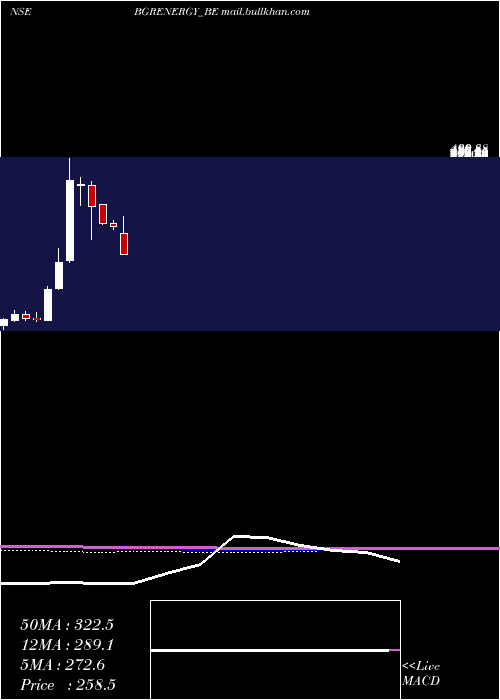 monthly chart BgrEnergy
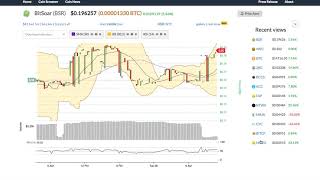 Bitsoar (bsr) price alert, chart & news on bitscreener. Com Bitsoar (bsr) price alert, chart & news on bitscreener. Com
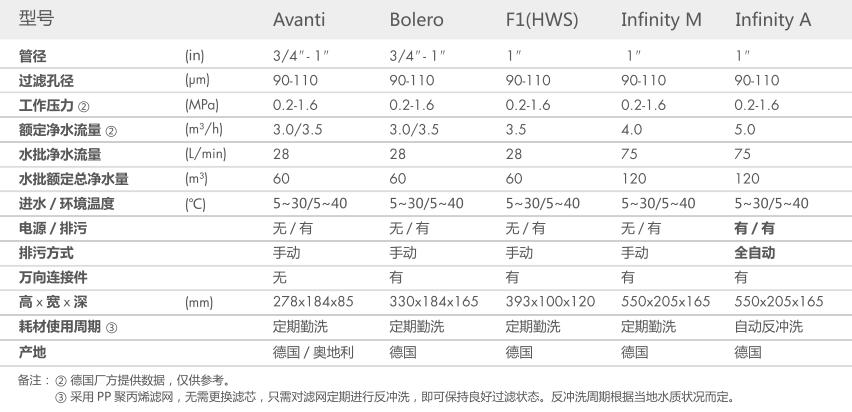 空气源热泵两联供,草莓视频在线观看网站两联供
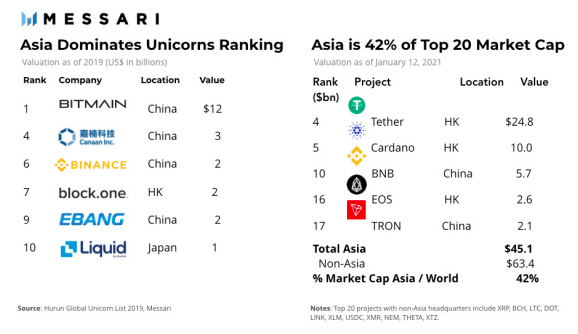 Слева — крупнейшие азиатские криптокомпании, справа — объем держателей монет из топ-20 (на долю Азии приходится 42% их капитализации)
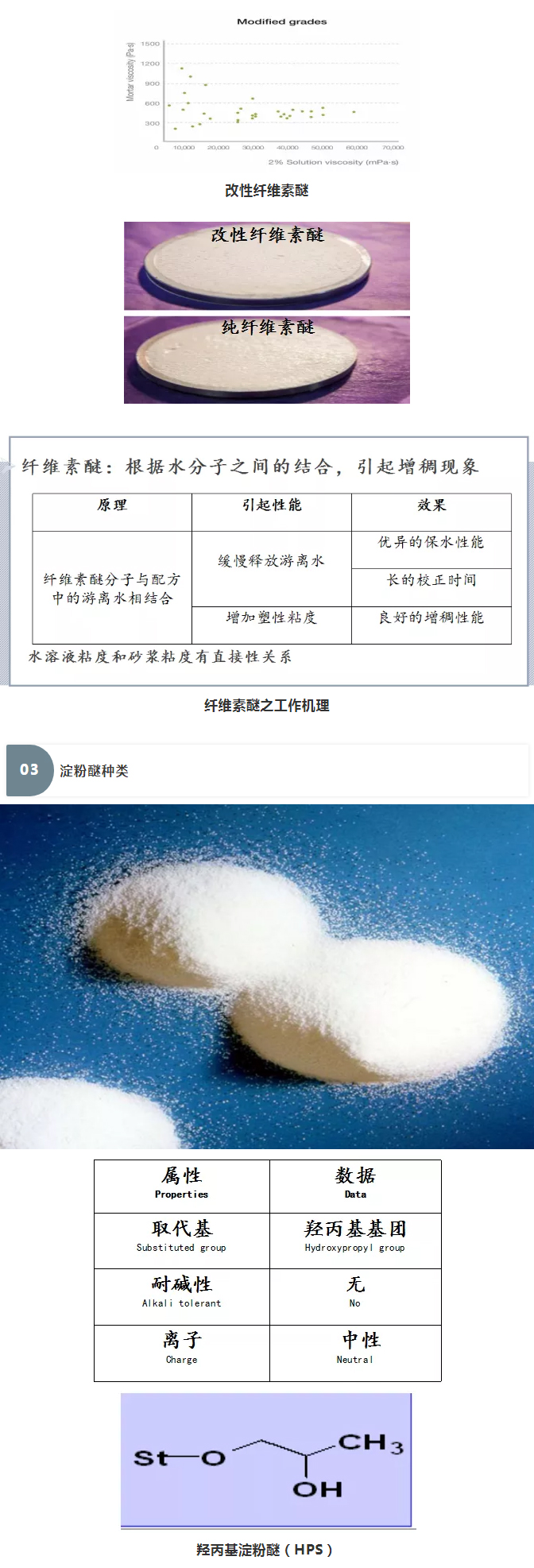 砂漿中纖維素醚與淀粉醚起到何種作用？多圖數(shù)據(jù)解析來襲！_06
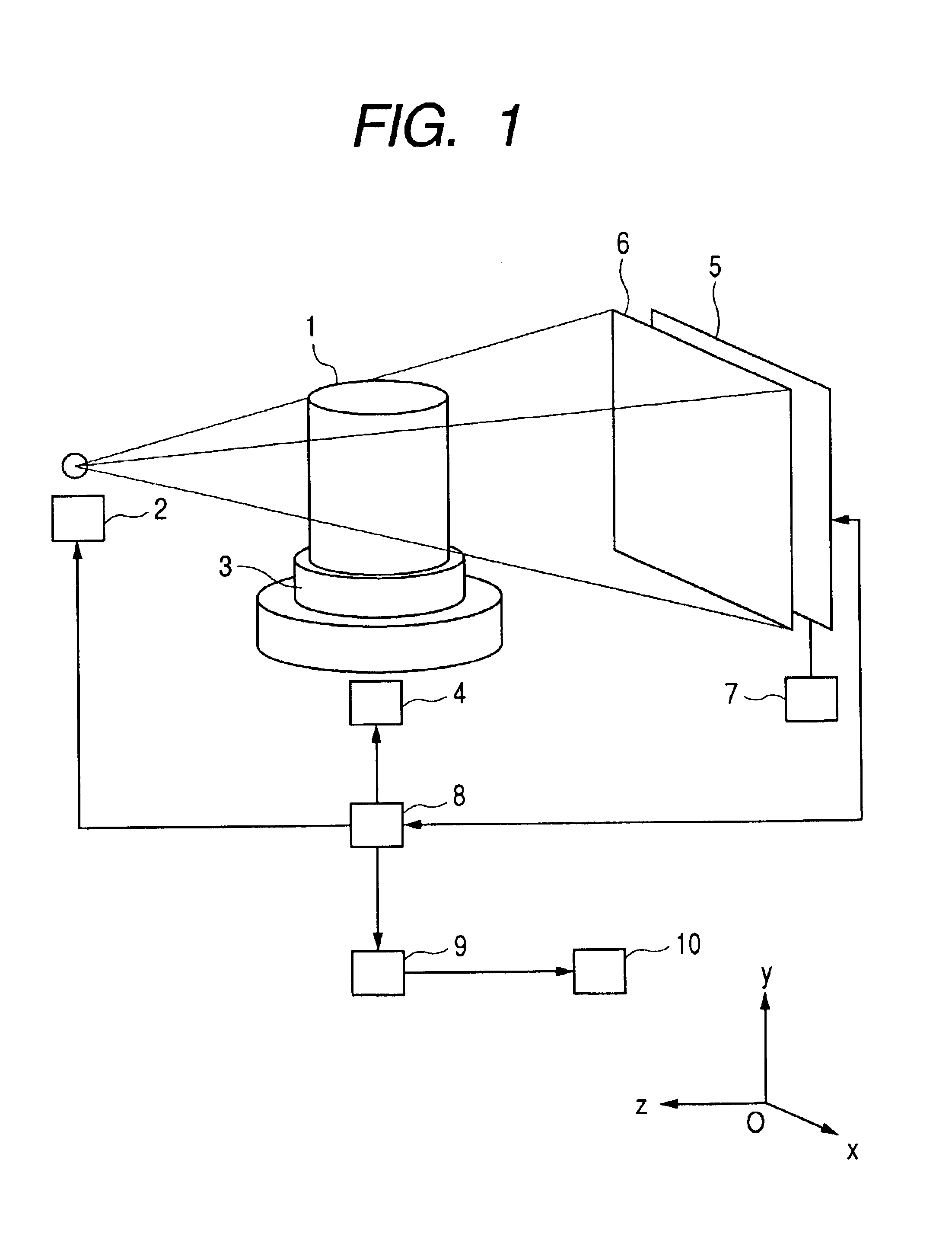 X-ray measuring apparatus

——————

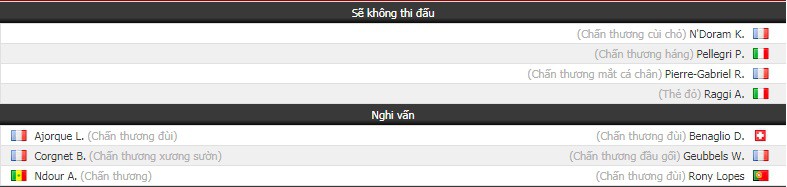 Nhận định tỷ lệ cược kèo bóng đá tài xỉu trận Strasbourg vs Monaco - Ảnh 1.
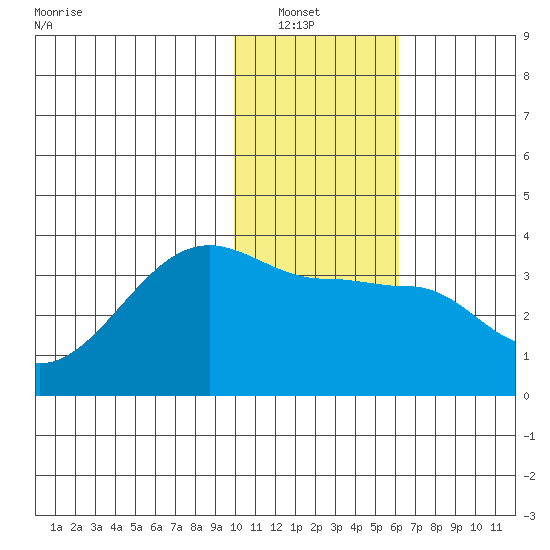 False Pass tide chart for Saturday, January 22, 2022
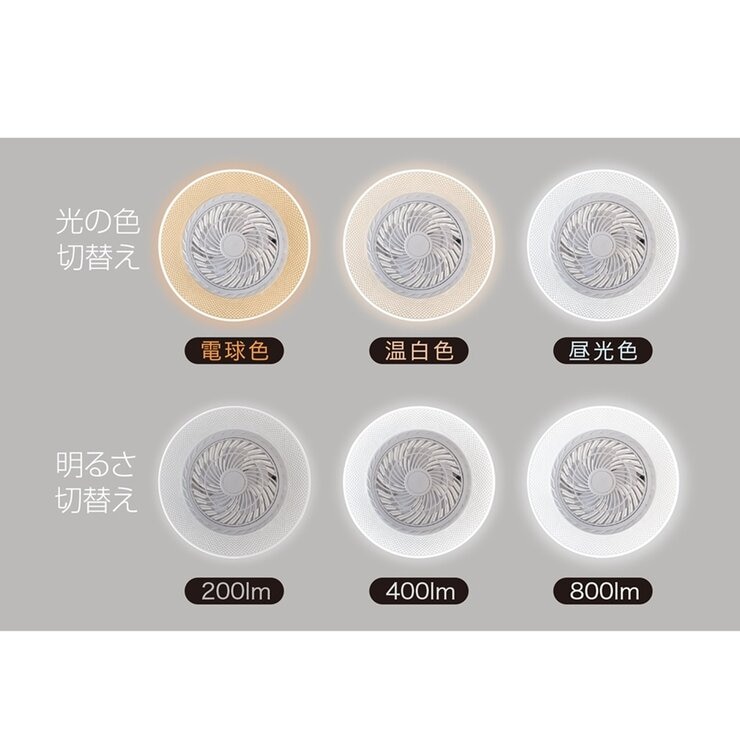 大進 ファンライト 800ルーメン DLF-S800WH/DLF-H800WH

——————

Look through the listing above for the line with "Слева — крупнейшие" and the line with "X-ray measuring apparatus". Write out exactly those lines and everything between, leaving out pictures.

Task solution
 Слева — крупнейшие азиатские криптокомпании, справа — объем держателей монет из топ-20 (на долю Азии приходится 42% их капитализации)
 砂漿中纖維素醚與淀粉醚起到何種作用？多圖數(shù)據(jù)解析來襲！_06
 X-ray measuring apparatus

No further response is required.